If you live in the San Francisco Bay Area you will join me in moaning about the high cost of rent, the insane traffic. the high cost of living and of course the insanely long wait list at most good daycares and preschool. Once we started doing the rounds of the various preschools, we almost felt like bad parents. You know the kind that doesn’t care about their child’s development and didn’t enroll them into the best preschool in the area the moment he was born. Thankfully a lovely preschool five minutes away from home had an opening for my son, only six months down the line. We jumped with joy, thanked our stars and almost kissed the school director.

It was all decided, Advait would start school first week of June 2017. I had a little less than six months time to prepare my co sleeping toddler for the rigors of school life ahead of him. Which meant helping him deal with separation anxiety, encouraging him to eat on his own and sleep on his own in his own bed instead of cuddling with me. The never ever used crib was converted into a toddler bed, new utensils and cutlery were ordered off Amazon. We were serious about this thing.

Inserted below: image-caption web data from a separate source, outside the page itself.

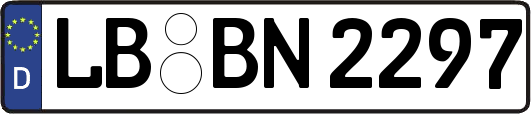 LB-BN2297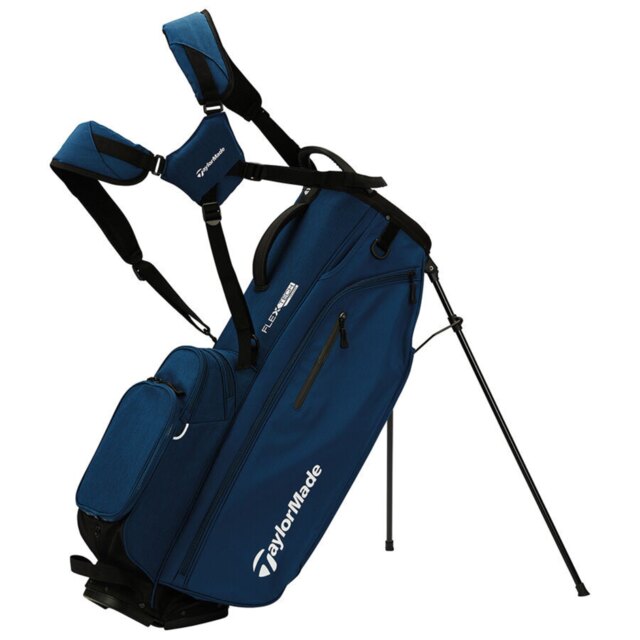 Fotografía de Bolsa Taylormade Flextech Crossover Navy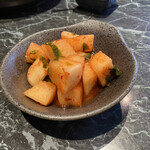 User's review image for 和牛焼肉 浅草時流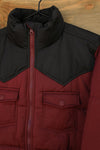 Wyldfire Jacket-Jacket-Crooked Horn Company, Online Women's Fashion Boutique in San Tan Valley, Arizona 85140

Of course, one thing that you learn very early in this thing called parenthood is, there are a lot of things that you want for your kid or you want your kid to do. Unfortunately, the only thing that does happen is, what your kid wants. And Advait wanted nothing to do with a crib or a toddler bed. The first night was uneventful and the bed felt spacious and had enough space to fit all our limbs onto the bed. It felt amazing and I even dreamt of the nights to come where I would have a full night’s sleep and wake up in the morning feeling rested. The second night too began well, with my child in his bed, only to declare near midnight that he wanted to sleep with Mama Papa. He plonked himself in the middle of the bed and that’s where he sleeps to this day.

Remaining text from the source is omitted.